Depois da redenção em cima do rival, o rubro-negro emendou uma sequência de 52 jogos sem perder, até hoje a maior invencibilidade do futebol nacional, juntamente com o Botafogo. Ainda sagrou-se tri-campeão carioca e, de 1979 a 1983, alcançou as maiores façanhas de sua história ao arrebatar três títulos brasileiros, uma Copa Libertadores e o Mundial Interclubes. Rondinelli migrara para o Corinthians em 1980, mas, como insígnia por ter cravado a pedra fundamental de uma arrancada que alçou o Flamengo ao patamar de potência internacional, recebeu do clube as faixas de campeão da América e do Mundo. "Aquele gol foi o divisor de águas para a nossa geração", diz Rondinelli ao recordar a cabeçada. "Se a gente não tivesse conquistado o título, o time provavelmente seria desfeito, ficaria com fama de vice, de perdedor".

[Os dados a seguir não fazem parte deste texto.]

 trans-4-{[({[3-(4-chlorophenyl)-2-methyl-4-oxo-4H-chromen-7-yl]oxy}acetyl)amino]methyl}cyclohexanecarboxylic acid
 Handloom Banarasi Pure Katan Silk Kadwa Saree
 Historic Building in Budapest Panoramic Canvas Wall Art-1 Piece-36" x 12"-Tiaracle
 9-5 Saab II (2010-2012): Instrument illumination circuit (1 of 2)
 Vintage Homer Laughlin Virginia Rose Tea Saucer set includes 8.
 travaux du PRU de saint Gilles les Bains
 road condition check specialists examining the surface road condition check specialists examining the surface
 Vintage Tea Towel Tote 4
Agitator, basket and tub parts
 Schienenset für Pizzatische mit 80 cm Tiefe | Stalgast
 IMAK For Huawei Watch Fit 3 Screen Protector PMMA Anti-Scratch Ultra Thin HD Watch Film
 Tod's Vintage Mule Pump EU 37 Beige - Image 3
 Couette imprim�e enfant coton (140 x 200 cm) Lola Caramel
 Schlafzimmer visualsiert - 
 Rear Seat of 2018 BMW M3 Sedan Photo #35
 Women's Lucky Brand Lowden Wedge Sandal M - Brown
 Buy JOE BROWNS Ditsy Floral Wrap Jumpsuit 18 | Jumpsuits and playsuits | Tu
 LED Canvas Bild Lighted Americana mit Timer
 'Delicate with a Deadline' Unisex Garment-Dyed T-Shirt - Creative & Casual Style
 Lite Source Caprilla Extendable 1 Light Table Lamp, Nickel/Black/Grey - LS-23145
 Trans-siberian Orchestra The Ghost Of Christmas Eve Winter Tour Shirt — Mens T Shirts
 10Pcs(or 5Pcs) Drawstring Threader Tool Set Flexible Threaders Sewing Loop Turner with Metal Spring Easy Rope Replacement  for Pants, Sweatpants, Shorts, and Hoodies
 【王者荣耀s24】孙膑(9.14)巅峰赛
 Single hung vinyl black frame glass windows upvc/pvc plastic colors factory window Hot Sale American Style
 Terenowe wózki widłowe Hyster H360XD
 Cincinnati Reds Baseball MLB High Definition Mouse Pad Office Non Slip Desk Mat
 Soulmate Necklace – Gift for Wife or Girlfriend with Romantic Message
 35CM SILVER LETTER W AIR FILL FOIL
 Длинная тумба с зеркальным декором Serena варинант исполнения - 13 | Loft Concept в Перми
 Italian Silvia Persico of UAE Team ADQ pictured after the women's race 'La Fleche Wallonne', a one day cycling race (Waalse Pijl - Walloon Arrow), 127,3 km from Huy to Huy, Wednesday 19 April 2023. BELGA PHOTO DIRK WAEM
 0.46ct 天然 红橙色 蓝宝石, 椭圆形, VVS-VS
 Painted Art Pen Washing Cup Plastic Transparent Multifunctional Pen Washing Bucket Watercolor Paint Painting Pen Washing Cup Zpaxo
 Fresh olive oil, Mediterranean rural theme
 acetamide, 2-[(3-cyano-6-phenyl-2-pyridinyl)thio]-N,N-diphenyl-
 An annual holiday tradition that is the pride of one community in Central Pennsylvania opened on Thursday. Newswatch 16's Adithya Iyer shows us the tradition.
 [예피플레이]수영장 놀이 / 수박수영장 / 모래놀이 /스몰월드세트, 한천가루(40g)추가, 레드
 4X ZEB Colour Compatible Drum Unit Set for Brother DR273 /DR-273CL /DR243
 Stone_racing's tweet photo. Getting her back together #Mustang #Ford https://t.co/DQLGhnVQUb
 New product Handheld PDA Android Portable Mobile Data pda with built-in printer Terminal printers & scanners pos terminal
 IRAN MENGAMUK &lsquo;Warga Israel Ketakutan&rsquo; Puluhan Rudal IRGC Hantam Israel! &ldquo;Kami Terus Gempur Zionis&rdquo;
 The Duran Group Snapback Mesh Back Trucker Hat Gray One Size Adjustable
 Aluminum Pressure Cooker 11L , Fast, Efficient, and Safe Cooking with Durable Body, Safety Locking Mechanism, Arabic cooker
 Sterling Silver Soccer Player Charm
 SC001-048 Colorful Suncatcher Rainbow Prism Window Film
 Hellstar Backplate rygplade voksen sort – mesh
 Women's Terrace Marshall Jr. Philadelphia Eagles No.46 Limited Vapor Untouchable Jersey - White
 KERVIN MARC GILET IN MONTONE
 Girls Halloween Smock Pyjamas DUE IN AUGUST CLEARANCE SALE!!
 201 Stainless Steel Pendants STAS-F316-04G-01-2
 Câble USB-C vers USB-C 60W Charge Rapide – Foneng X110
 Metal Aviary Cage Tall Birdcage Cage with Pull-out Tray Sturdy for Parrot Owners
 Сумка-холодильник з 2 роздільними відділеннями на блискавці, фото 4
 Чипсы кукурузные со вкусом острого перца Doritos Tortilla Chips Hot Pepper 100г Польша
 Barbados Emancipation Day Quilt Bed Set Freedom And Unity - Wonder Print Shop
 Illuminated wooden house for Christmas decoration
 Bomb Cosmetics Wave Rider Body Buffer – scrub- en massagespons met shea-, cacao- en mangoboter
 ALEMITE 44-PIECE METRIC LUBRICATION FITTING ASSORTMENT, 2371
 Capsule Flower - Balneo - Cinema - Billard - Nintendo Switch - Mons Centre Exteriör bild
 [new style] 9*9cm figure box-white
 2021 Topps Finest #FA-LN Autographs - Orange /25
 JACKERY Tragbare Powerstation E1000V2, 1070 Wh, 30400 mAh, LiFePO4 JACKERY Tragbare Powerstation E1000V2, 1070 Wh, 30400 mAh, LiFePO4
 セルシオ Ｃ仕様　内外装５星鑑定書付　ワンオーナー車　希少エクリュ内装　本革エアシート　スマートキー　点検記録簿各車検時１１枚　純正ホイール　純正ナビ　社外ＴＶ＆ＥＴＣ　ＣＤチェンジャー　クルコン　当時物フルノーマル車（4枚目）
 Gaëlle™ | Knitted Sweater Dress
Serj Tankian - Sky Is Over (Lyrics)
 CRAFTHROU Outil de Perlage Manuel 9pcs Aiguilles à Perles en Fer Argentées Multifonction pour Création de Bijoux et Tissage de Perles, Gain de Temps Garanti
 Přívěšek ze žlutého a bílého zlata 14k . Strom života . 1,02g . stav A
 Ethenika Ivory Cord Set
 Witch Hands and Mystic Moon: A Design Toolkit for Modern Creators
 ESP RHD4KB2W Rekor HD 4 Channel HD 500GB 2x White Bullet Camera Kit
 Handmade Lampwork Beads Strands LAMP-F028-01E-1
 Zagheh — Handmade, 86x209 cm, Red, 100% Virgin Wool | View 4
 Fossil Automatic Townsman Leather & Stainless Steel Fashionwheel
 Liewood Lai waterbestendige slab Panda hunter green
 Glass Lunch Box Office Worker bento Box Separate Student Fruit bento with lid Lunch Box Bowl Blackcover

A fama que coube ao zagueiro é a de herói. Tanto que, durante uma breve passagem pelo Vasco, foi ovacionado por torcedores rubro-negros no palco em que se consagrou defendendo seu time do coração. Graças à entrega que sempre demonstrou em campo, também ganhou o apelido de "Deus da Raça". Tamanha era sua identificação com o ideário de jogador raçudo que dois dias depois do título de 78, jornais do Rio de Janeiro promoveram um encontro na Gávea entre Rondinelli e Agustín Valido, ex-ponta argentino que, assim como o defensor, marcou de cabeça contra o Vasco, a quatro minutos do fim, o gol do primeiro tri-campeonato carioca flamenguistas em 1944: "Olha, meu filho, você não imagina a alegria que sinto por estar ao seu lado. Você é tudo o que eu fui para o Flamengo: raça, amor à camisa, paixão, febre de vitória", declarou-se Valido ao ídolo recém-empossado, em alusão sutil ao fato de ter jogado com febre a final de 44. O gol de Valido completaria um tri-campeonato, o de Rondinelli iniciaria outro, que seria seguido nos anos posteriores pelas conquistas da Era de Ouro da história do Clube de Regatas do Flamengo.